Her eyes stung with stupid, silly tears. Angrily, Holly wiped them away. Damn those blasted plants!
Ethan — wouldn’t you know it? — caught her just as she wiped away the last of the silly tears that ran down her cheeks. Even worse, he noticed.
“Holly, I… — What’s wrong?”
“Nothing,” Holly said. She pulled a not very clean tissue from a pocket of her uniform and heartily blew her nose. “I’m just allergic to your bloody plants, that’s all.”
Ethan gave her a strange look. With his tousled brown hair, mud-splattered boots and equally shabby utility coverall, not to mention a snot-nosed kid on his arm, he didn’t look very lordly at all. A chunky ugly ring — the symbol of his lordship — dangled from a chain round his neck. He wore it that way, so the ring wouldn’t get in the way when he was working in the garden — and because it was way too big for him and kept slipping off his finger.
“Still, I’m glad you’re here…” Ethan said, “…cause there’s something I want to show you.”
Abruptly, he turned around and stalked off again, still carrying the little girl. Her head was resting against his shoulder. She looked straight at Holly and stuck out her tongue.
“Okay, now you’re really pushing your luck, kid,” Holly thought and went after Ethan, careful not to step on any of his precious plants. The greens had suffered enough for one day.
She didn’t know what Ethan wanted to show her, but she had her suspicions. For ever since Ethan had taken over the greenhouse, he tended to use Holly as a guinea pig for his latest produce, probably to see if it was fit for human consumption. To be honest, most of it ranked barely above protein sludge in terms of taste. Endless green leaves and root vegetables weren’t Holly’s idea of a good meal.
Still, feeding his plants to her seemed to make Ethan happy. And since he did not have a whole lot of reasons for being happy these days, Holly usually humoured him and ate his plants without spitting, choking or making a face, even if she sometimes wanted to.
Today’s crop seemed to be something really special (or really horrible), for they all gathered around to see what her reaction would be, Ethan, Stuart, Mikhail, even the three young boys who had been repotting plants.

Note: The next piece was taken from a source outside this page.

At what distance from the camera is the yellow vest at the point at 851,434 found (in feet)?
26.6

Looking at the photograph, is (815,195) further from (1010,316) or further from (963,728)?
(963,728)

Ethan was happily blathering on about how his attempts to cultivate some plant or other had finally paid off and born fruit — yes, fruit. Holly nodded politely, though she didn’t really listen. Idly, she wondered whether Ethan was aware that all of his blabbering about plants and crops was lost on her, for they all looked the same to her, far too leafy and far too green.
“Could we get to the point, please?” she finally interrupted, because if she hadn’t, Ethan would still have been holding forth about his latest cultivation success a couple of standard hours later, “Cause the big boss wants to see us and I for one don’t want to keep him waiting.”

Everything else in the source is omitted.